- _Problem to work on_: Write down exactly the lines from the one below that has "Come take a" to the end of the data, both ends included; the pictures should not appear in your copy.

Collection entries
────────────────────
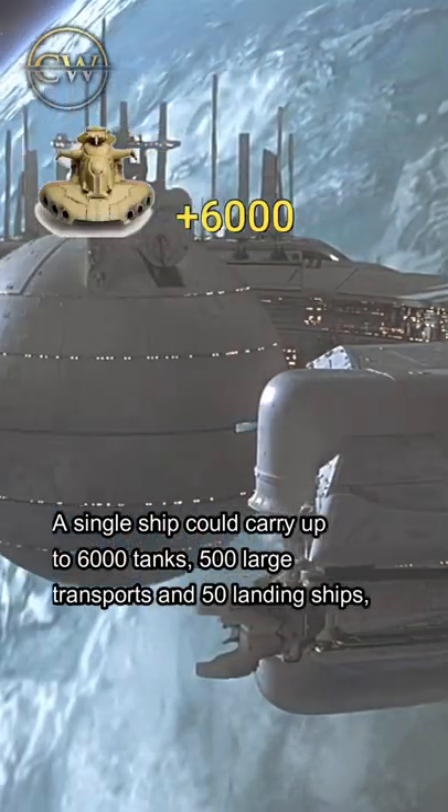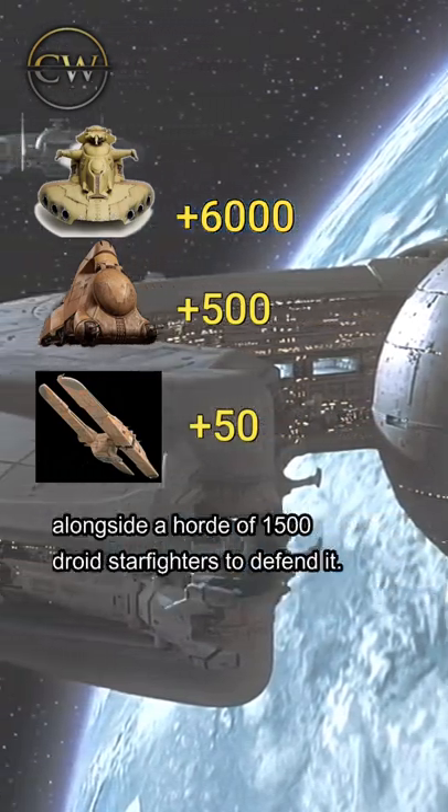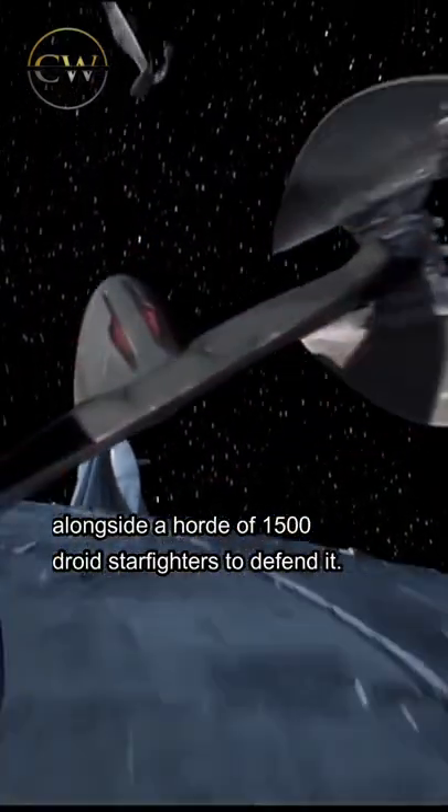A single ship could carry up to 6,000 tanks, 500 large transports, and 50 landing ships, alongside a horde of 1,500 droid starfighters to defend it.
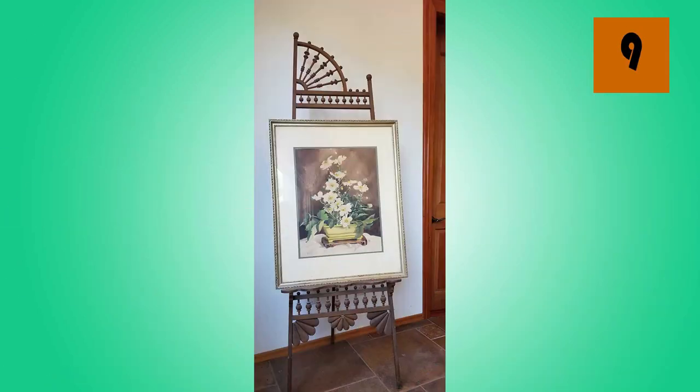Put an easel in a corner somewhere and prop a painting on it, and you have an instant corner brightener for just about any room.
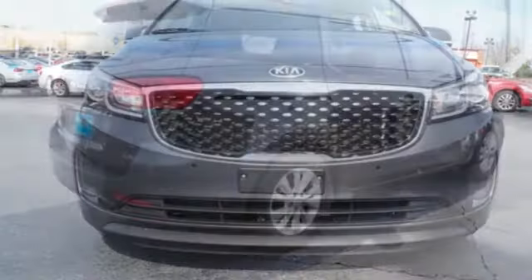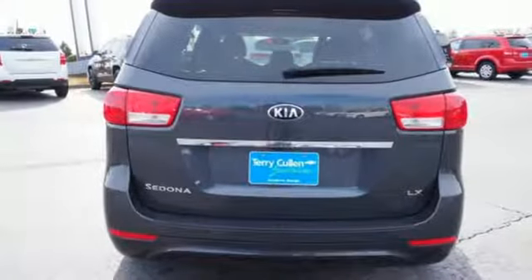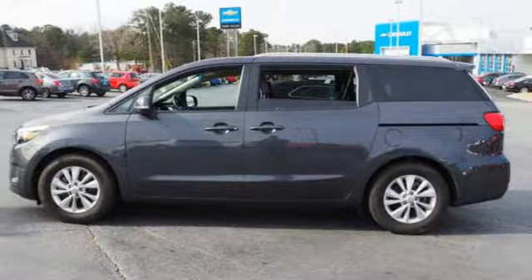Motor Trend reports the Sedona's mix of comfort and control serves eloquent notice that it's going to be a much more serious force in the segment. Step into a Kia and be surprised. You need to drive it to believe it. See it for yourself today.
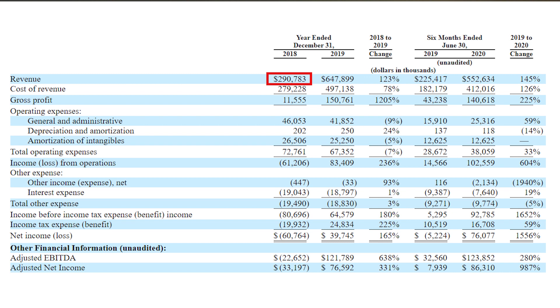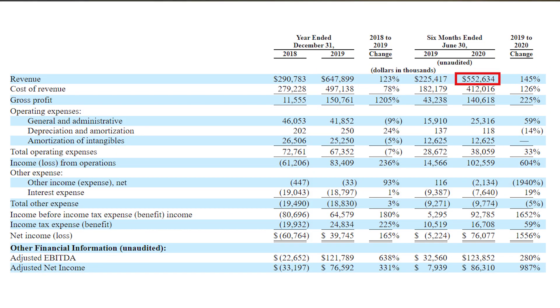The exciting part about Array stock for investors is that Array has been able to grow revenue at a very impressive rate. In 2018, Array had $290 million in revenue. But in 2019, they more than doubled their revenue and recorded over $600 million. And things just keep getting better — through the first half of 2020, Array has already recorded $552 million worth of revenue, which would put them on track for $1.1 billion worth of revenue by the end of the year. Array also has gross margins of roughly 25% and net income margins of 13%, which is impressive given the revenue growth rate they have achieved.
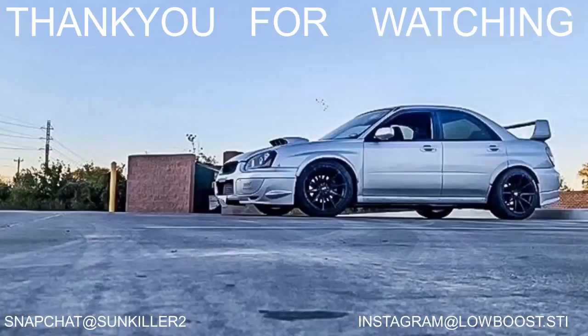If you're not already subscribed, click the subscribe button and comment down below. Follow me — links on screen and in the bio.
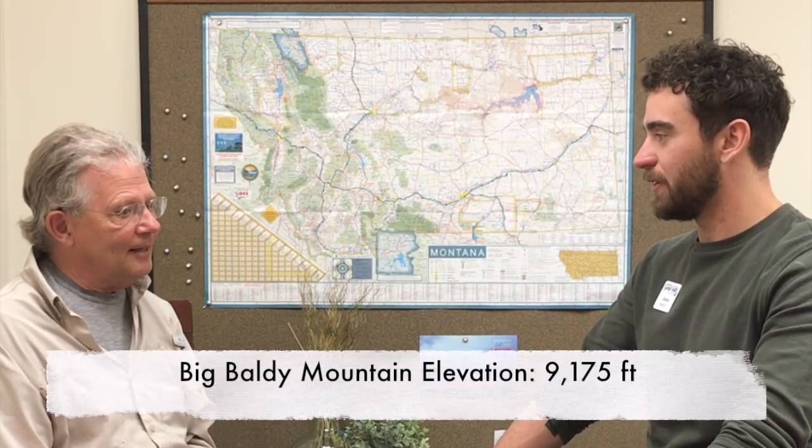The next range is the Little Belts — truly the marquee range. It is the size of Glacier National Park, a lifetime of adventures and exploration, and really not that little. Big Baldy is over 9,000 feet with high mountain alpine lakes below it and a gorgeous ridgeline where you can walk and see north to south the entire state and all the way to the Continental Divide as well.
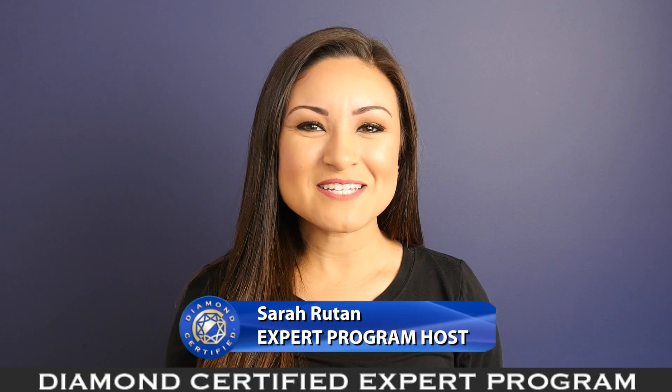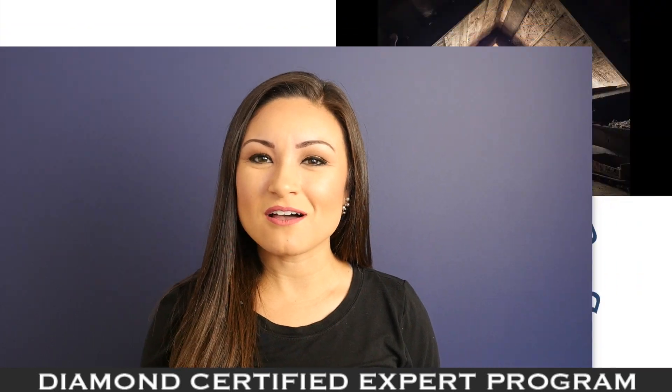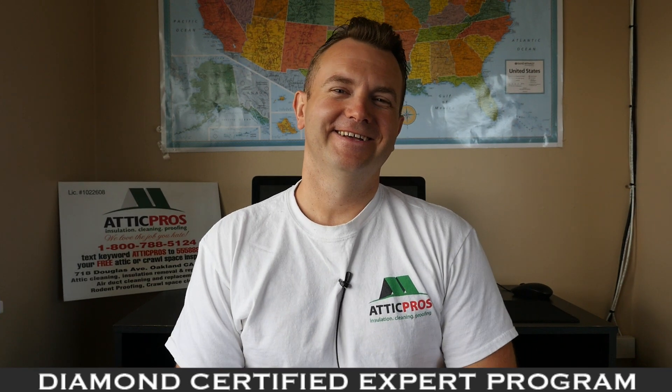One way to prevent a pest infestation in your attic or crawl space is to identify and seal off any exterior entry points. Today we're in Oakland with Diamond Certified expert contributor Leo Mochanov of Attic Pros to learn more.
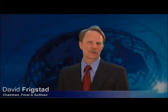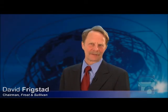I'm David Frigstad, Chairman of Frost and Sullivan. Congratulations on earning this year's Best Practices Award from Frost and Sullivan. It's a fantastic achievement for your team and company. We're pleased to recognize and bring to the attention of the entire world your hard work, dedication, and innovation. This award is especially meaningful because it's based on third-party, unbiased research and comes from a globally recognized consulting organization.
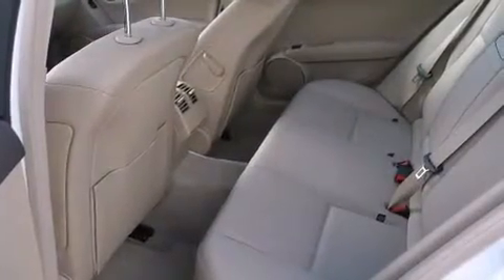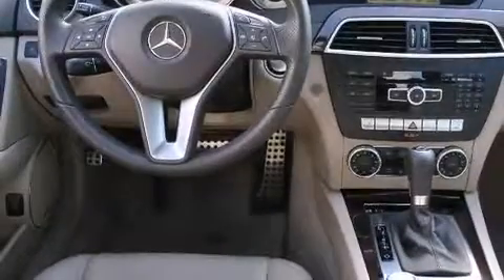A split folding rear seat, an auto-dimming rearview mirror, a rear window defroster, and rain-sensing windshield wipers.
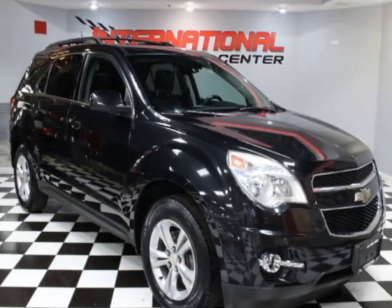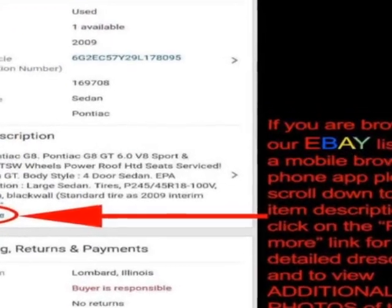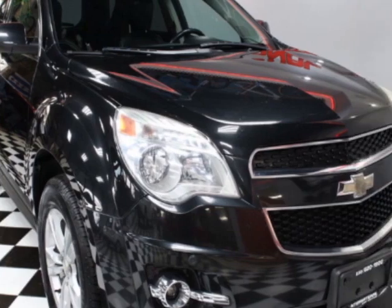Come take a look at this 2014 Chevrolet Equinox. This Equinox has just under 85,500 miles. For your protection, a warranty is available for this vehicle.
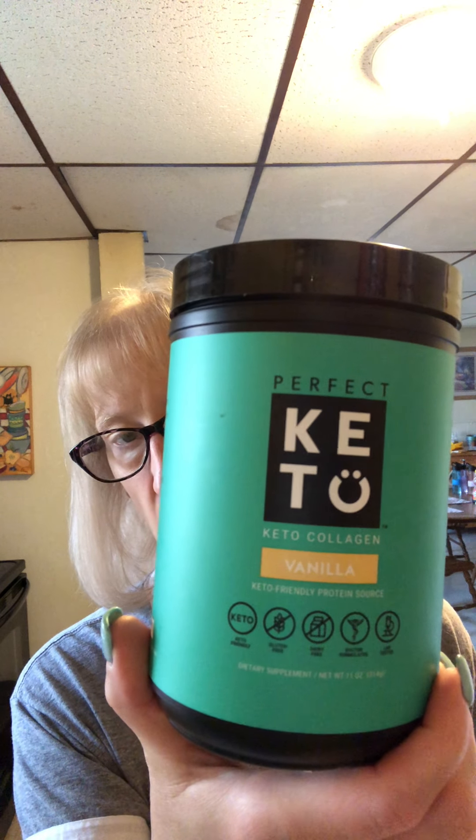I also take collagen on a daily basis — for skin, muscles, and everything. I'm currently using Perfect Keto vanilla keto collagen, but I do have another brand from my local nutrition company called Giant Sports — everything is grass-fed and organic in that one and there are no carbs. Perfect Keto for some reason added two carbs to their new formulated collagen, which is not something I want — I don't want to waste two carbs on something I'm just going to add to my coffee.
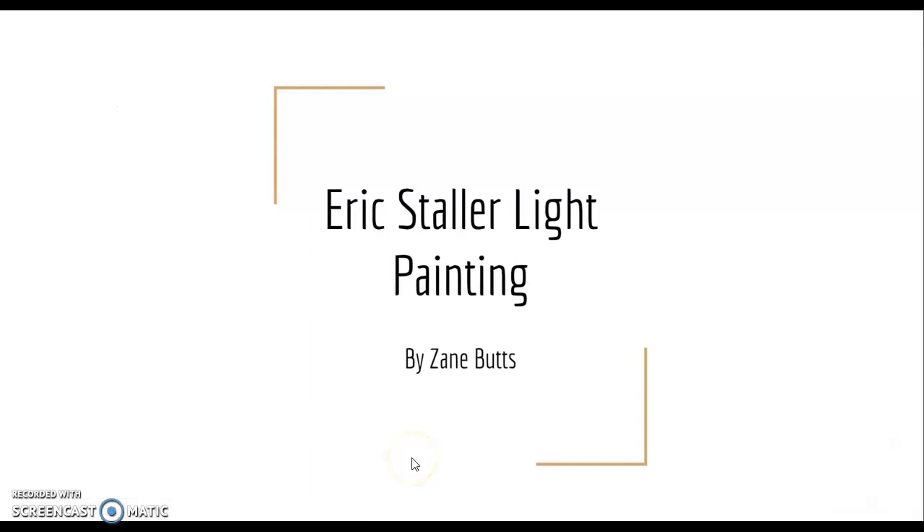Hello everyone, my name is Zane Butts and I decided to do my project on Eric Stoller because this semester my favorite of all the photos we took was light painting. I just absolutely loved it, thought it was mind-blowing, and this guy right here — I researched him and he is known as the Light Master, which I will show you why in this PowerPoint. So let's get on to it.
────────────────────
- _Task solution_:
Come take a look at this 2014 Chevrolet Equinox. This Equinox has just under 85,500 miles. For your protection, a warranty is available for this vehicle.
I also take collagen on a daily basis — for skin, muscles, and everything. I'm currently using Perfect Keto vanilla keto collagen, but I do have another brand from my local nutrition company called Giant Sports — everything is grass-fed and organic in that one and there are no carbs. Perfect Keto for some reason added two carbs to their new formulated collagen, which is not something I want — I don't want to waste two carbs on something I'm just going to add to my coffee.
Hello everyone, my name is Zane Butts and I decided to do my project on Eric Stoller because this semester my favorite of all the photos we took was light painting. I just absolutely loved it, thought it was mind-blowing, and this guy right here — I researched him and he is known as the Light Master, which I will show you why in this PowerPoint. So let's get on to it.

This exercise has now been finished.